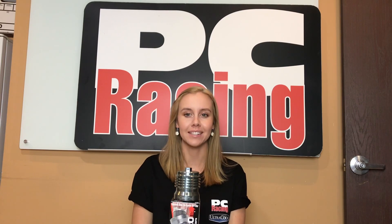Hi, this is Texie from PC Racing. Today I want to show you our Flow Reusable Oil Filter for your Indian and talk about some of its benefits. First of all, this is a completely different technology that originated in aerospace and is used in NASCAR, Indy, and Formula One race cars.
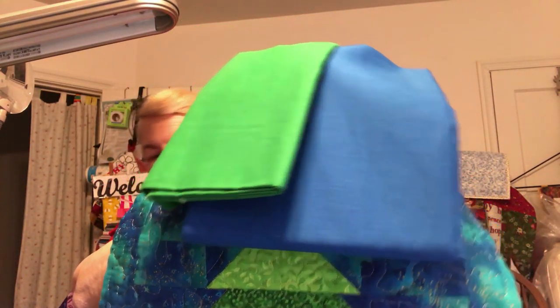Hi, Kathy here from Kathy's Cute Creations. Today we're going to do a border and I'm going to show you how to do it on this little wall hanging. The first thing you've got to decide is what colors to choose. I think it would look good with the red but I don't have that bright red. So I've chosen two different fabrics - this green and this blue. I think they're going to work out pretty well.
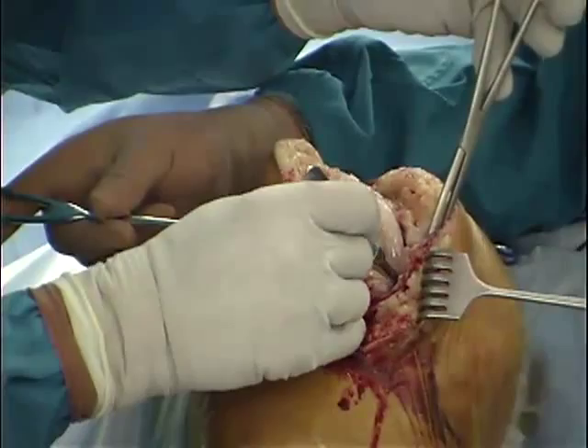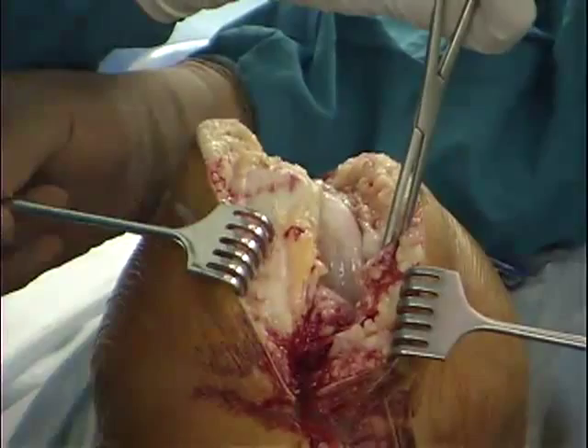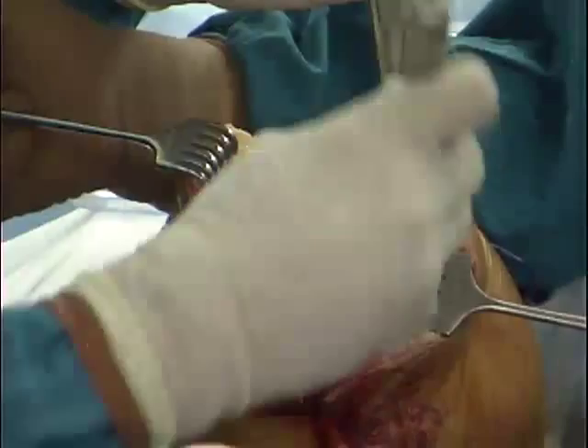In this case, the dissection is carried approximately two centimeters below the level of the joint line to correct this patient's deformity. To complete the posterior portion of this release, an osteotome is driven gently in the same interval back to the posterior medial corner of the knee.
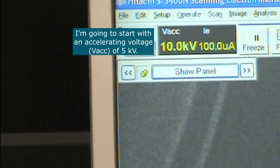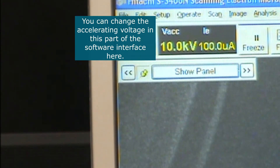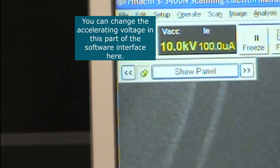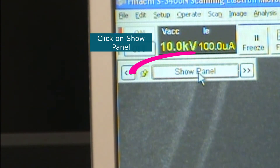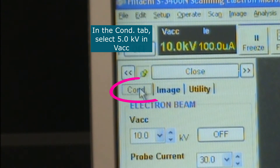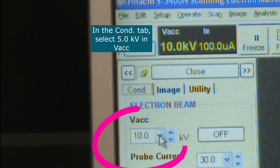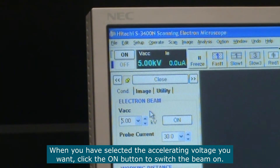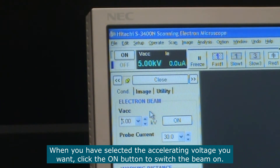I'm going to start with an accelerating voltage of 5 kV. You can change the accelerating voltage in the software interface. Click on 'Show Panel' and go to the 'Conditions' tab, where you can change the accelerating voltage. Select 5. Once you have selected the accelerating voltage you want, click the 'On' button to switch the beam on.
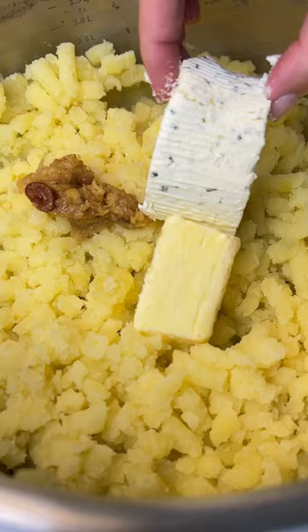In the meantime, boil the potatoes with salted water, mash them, add butter, roasted garlic, and any creamy cheese, and mash it together. Adjust for salt and follow for more.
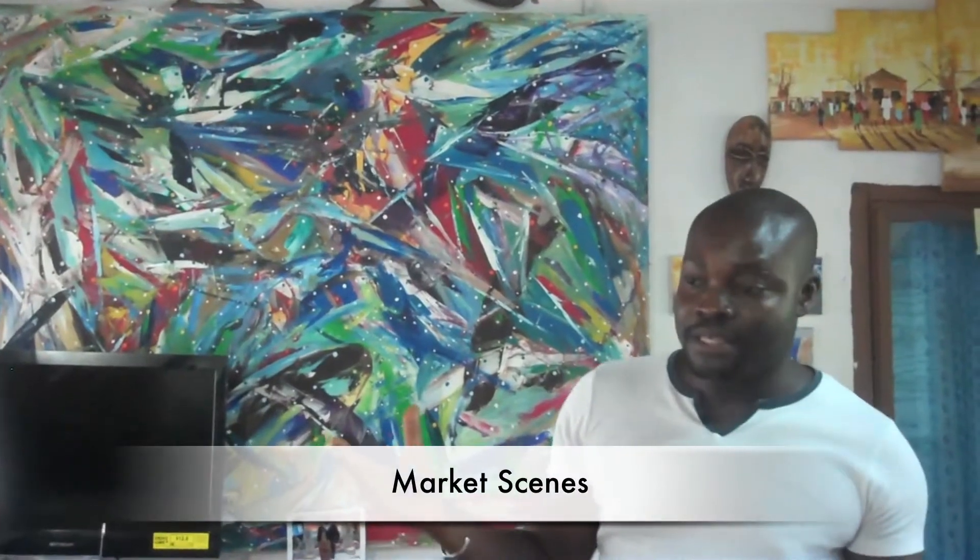Before I started the fish painting, I was painting things like the market scene, like the one we have behind here. This is how I started painting the market scenes. These are all people — every color you see in this work are figures. Every color is a figure. It's just left with their heads that I'm going to fix, but they come together to form a larger picture.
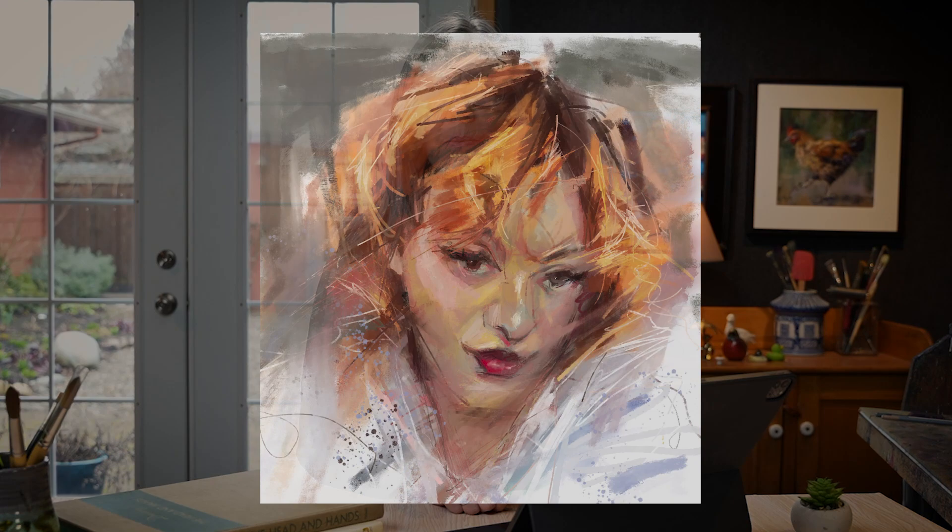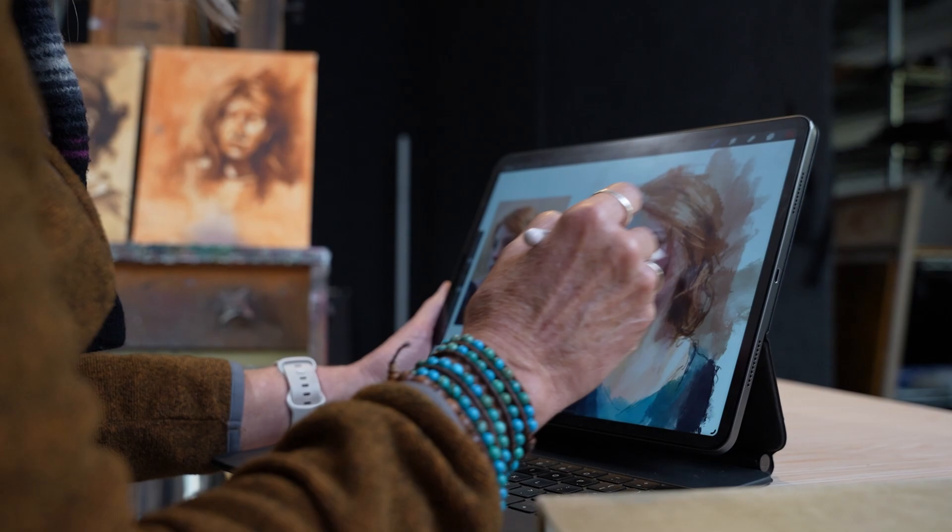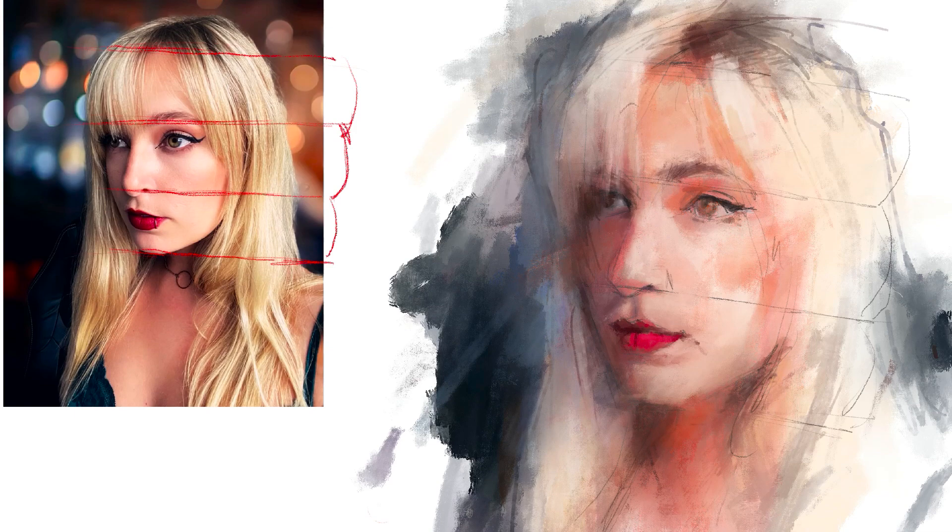Day four is all about critique. I'll provide feedback on your portrait painting skills and help you improve your technique. During the critique, we'll focus on composition, drawing, painting technique, likeness, and creativity. By the end of the critique, you'll have a better understanding of your strengths and weaknesses as an artist and how to improve your technique and create even better portraits.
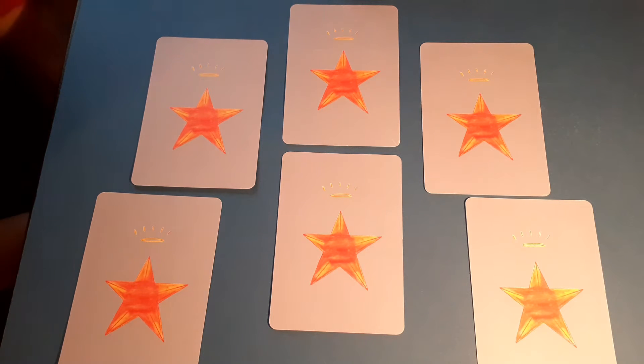Hi everybody, it's Anne Ellis, and I thought I would do a little film and show you how to do a reading for yourself with my Angel Oracle cards.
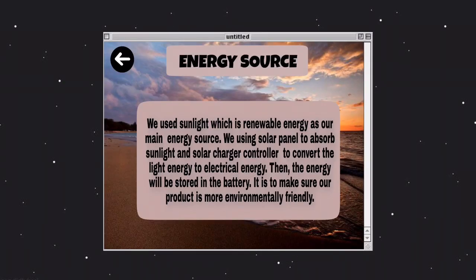Last but not least is about the energy source that we use in our product. Our product uses sunlight, which is a renewable source of energy, as our main energy source. The solar panel will absorb light energy from sunlight and convert it into electric energy via the solar charger controller. This ensures that our product is environmentally friendly and does not waste non-renewable energy that is diminishing on Earth.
----------
=== Your instructions ===
Hand back the records above exactly, leaving out every picture.

=== Result ===
Hi, this is Texie from PC Racing. Today I want to show you our Flow Reusable Oil Filter for your Indian and talk about some of its benefits. First of all, this is a completely different technology that originated in aerospace and is used in NASCAR, Indy, and Formula One race cars.
Hi, Kathy here from Kathy's Cute Creations. Today we're going to do a border and I'm going to show you how to do it on this little wall hanging. The first thing you've got to decide is what colors to choose. I think it would look good with the red but I don't have that bright red. So I've chosen two different fabrics - this green and this blue. I think they're going to work out pretty well.
In this case, the dissection is carried approximately two centimeters below the level of the joint line to correct this patient's deformity. To complete the posterior portion of this release, an osteotome is driven gently in the same interval back to the posterior medial corner of the knee.
I'm going to start with an accelerating voltage of 5 kV. You can change the accelerating voltage in the software interface. Click on 'Show Panel' and go to the 'Conditions' tab, where you can change the accelerating voltage. Select 5. Once you have selected the accelerating voltage you want, click the 'On' button to switch the beam on.
In the meantime, boil the potatoes with salted water, mash them, add butter, roasted garlic, and any creamy cheese, and mash it together. Adjust for salt and follow for more.
Before I started the fish painting, I was painting things like the market scene, like the one we have behind here. This is how I started painting the market scenes. These are all people — every color you see in this work are figures. Every color is a figure. It's just left with their heads that I'm going to fix, but they come together to form a larger picture.
Day four is all about critique. I'll provide feedback on your portrait painting skills and help you improve your technique. During the critique, we'll focus on composition, drawing, painting technique, likeness, and creativity. By the end of the critique, you'll have a better understanding of your strengths and weaknesses as an artist and how to improve your technique and create even better portraits.
Hi everybody, it's Anne Ellis, and I thought I would do a little film and show you how to do a reading for yourself with my Angel Oracle cards.
Last but not least is about the energy source that we use in our product. Our product uses sunlight, which is a renewable source of energy, as our main energy source. The solar panel will absorb light energy from sunlight and convert it into electric energy via the solar charger controller. This ensures that our product is environmentally friendly and does not waste non-renewable energy that is diminishing on Earth.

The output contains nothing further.